Wendel HeinemanReal estate executiveA memorial service for...


July 16, 1992

Wendel Heineman

Real estate executive

A memorial service for G. Wendel Heineman, a Baltimore corporate real estate executive and community advocate, will be at 7:30 p.m. today at First Lutheran Church on Burke Avenue in Towson.

Mr. Heineman, a lifelong city resident who lived in Roland Park, drowned in the Northeast River early Saturday morning at McDaniel Yacht Basin in Cecil County. He was 61.

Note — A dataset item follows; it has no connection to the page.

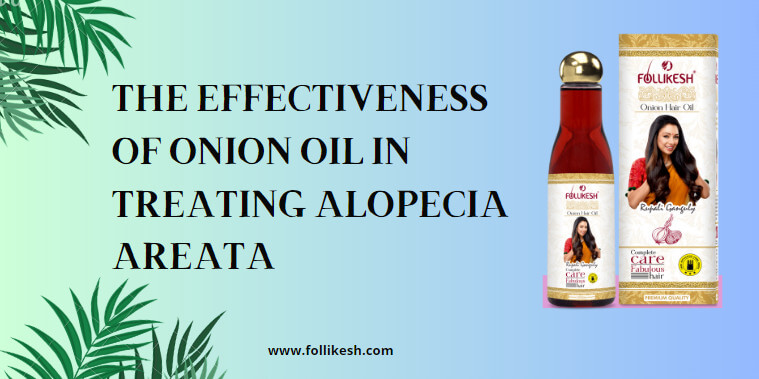 Onion Oil in Treating Alopecia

In 1980, he became president of Constellation Properties, a wholly owned real estate subsidiary of Baltimore Gas and Electric Co. During his 10-year tenure, Constellation became one of the area's largest real estate developers, developing projects ranging from shopping centers and nursing homes to office buildings and retirement communities.

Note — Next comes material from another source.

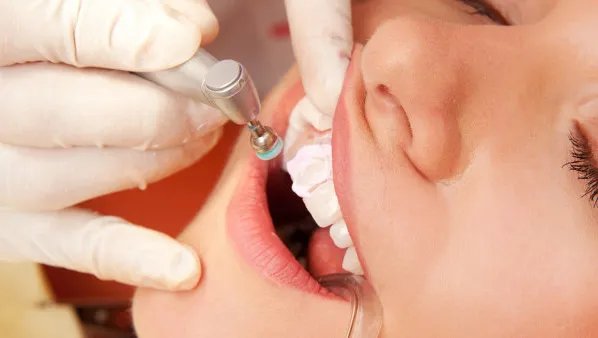 根管治疗的步骤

Born in Newport News, Va., he grew up in Baltimore after his father, a businessman, moved the family here. A graduate of Towson High School, he received his undergraduate degree from the University of Baltimore. He was awarded master's degrees in finance and marketing from American University in Washington.

After joining the Army in 1950, Mr. Heineman served in the intelligence division. He was a decorated Korean War veteran who was severely injured and hospitalized for 19 months. On Jan. 15, 1952, he was one of eight wounded Korean War veterans honored at the White House by President Harry S. Truman.

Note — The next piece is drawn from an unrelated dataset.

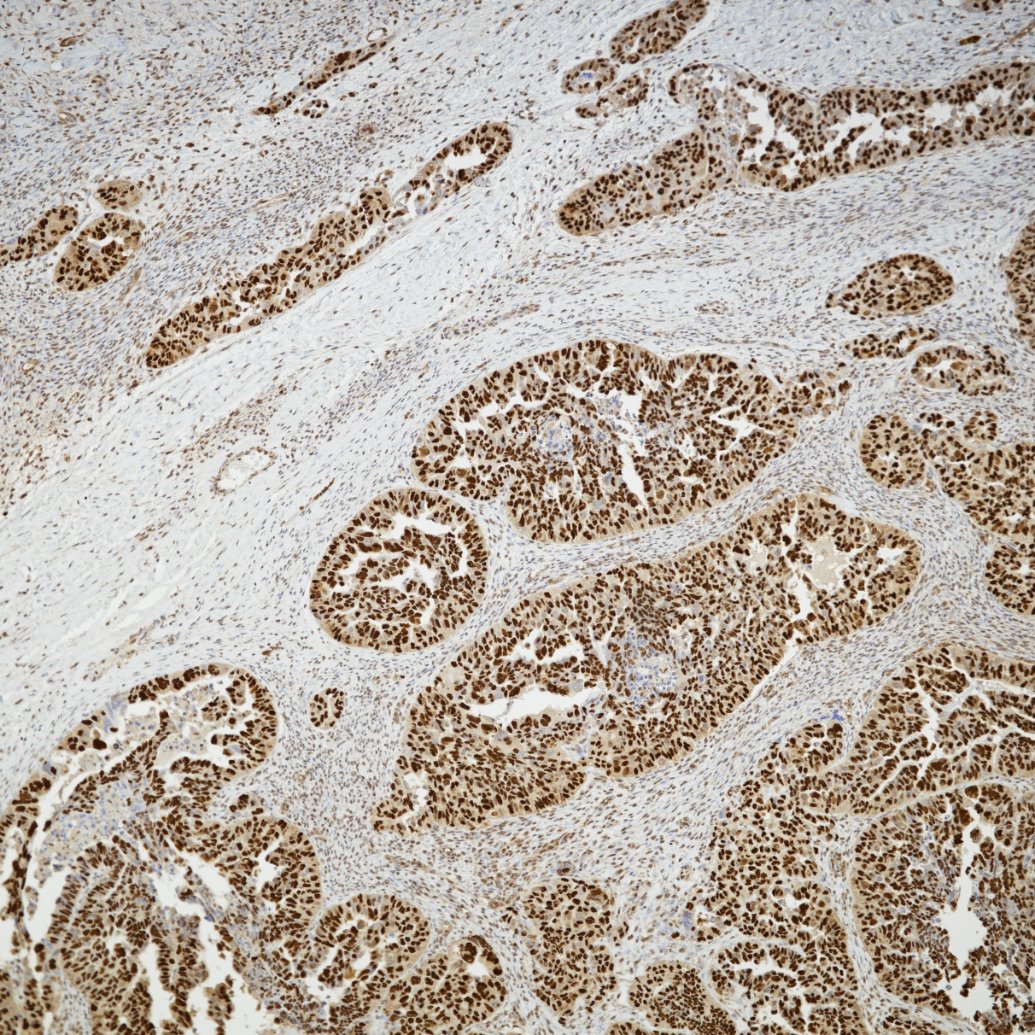 Immunohistochemistry (IHC) staining of human ovarian cancer using P53 Recombinant monoclonal antibody (80077-1-RR)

After his military service, he began his business career in Baltimore at Bendix Aviation. From 1955 to 1970, he worked in the nuclear products and corporate headquarters divisions of Glenn L. Martin Co., later known as Martin Marietta. While with Martin Marietta, he was worked on the development of Chesapeake Park.

Mr. Heineman served as vice president of marketing, leasing and sales at McCormick Properties, the real estate arm of McCormick & Co., from 1970 to 1977, during the development of the Hunt Valley Business Community and Security Industrial Park.

In 1977, he went to New York City, where he served for three years as president of the International Paper Realty Corp., the real estate division of International Paper Co. After returning to Baltimore in 1980, he became president of Constellation Properties.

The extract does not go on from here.